Leah Flanagan was a bit of a find for me, and a real surprise. More indie rock than what I was expecting, Flanagan’s song structures and vocal melodies were quirky and engaging. She is a name I will remember and hope to catch at a small venue.
A real eye opener was Maru Tarang, an amazing collaboration of vocals, guitar, tabla, khartal and sindhi sarangi. Don’t worry, I had no idea what these instruments were until I saw and heard them. Jeff Lang may be the man holding the guitar but he real does play second fiddle to the eye-opening talent sitting around him. For sheer musicianship, Maru Tarang has it in abundance.
John Butler was a nightmare to photograph, and for the people in the front rows. Predictably punters had made their way to the front barrier prior to the set, and the six foot space in front of the front row was filled with people standing in preparation for Butler. I too was amongst the throng with my camera to try and get something decent (no photo pits at this festival). And then, just before Butler was to arrive on stage, everyone who was standing was asked to sit. What a joke. There was no room for anyone to sit and we ended up on the ground all over each other. I stayed and shot for one song, that’s all I could put up with. My apologies for the lack of review of JB’s set but I was out of there quick smart and headed to the Big Top.
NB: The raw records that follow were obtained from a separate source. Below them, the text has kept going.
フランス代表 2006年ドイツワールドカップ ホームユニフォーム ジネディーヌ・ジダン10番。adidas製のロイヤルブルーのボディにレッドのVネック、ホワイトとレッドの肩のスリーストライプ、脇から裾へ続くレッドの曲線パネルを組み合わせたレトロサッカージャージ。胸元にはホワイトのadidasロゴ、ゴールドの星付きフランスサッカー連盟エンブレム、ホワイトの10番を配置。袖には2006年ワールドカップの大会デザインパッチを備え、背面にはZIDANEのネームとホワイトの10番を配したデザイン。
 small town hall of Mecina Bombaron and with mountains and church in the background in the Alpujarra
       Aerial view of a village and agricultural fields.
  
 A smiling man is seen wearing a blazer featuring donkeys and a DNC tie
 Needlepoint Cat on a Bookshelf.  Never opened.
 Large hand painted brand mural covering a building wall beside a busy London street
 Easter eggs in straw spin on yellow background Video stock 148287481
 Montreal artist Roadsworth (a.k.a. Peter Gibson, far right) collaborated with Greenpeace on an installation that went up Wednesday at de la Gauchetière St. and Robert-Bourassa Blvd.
And it was a wise choice to grab some time with Buffy Sainte-Marie, an absolute folk legend who on stage delivers a multi-genre onslaught. This was a high energy performance, powerful, and insightful. And when she rocked she did it hard which is great to see at this festival.
A quick dash over to the RSL Blue Room to catch the final three songs of The Mighty Reapers. With blues, soul and funk in abundance, the Reapers could be the best party band happening. The dance floor was packed, “Continental” Robert let out his vocal screams, and it began to get steamy in the Blue Room. The perfect fix to the evening mountain chill.
You can’t help but fall in love with Henry Wagons. The enigmatic vocalist lead his band, Wagons, through a raucous set that closed out the RSL Pavilion in style. These guys carry a great live presence, interacting with the crowd, funny and personable, they’re the band you want at your house party. What a great way to finish off Saturday night.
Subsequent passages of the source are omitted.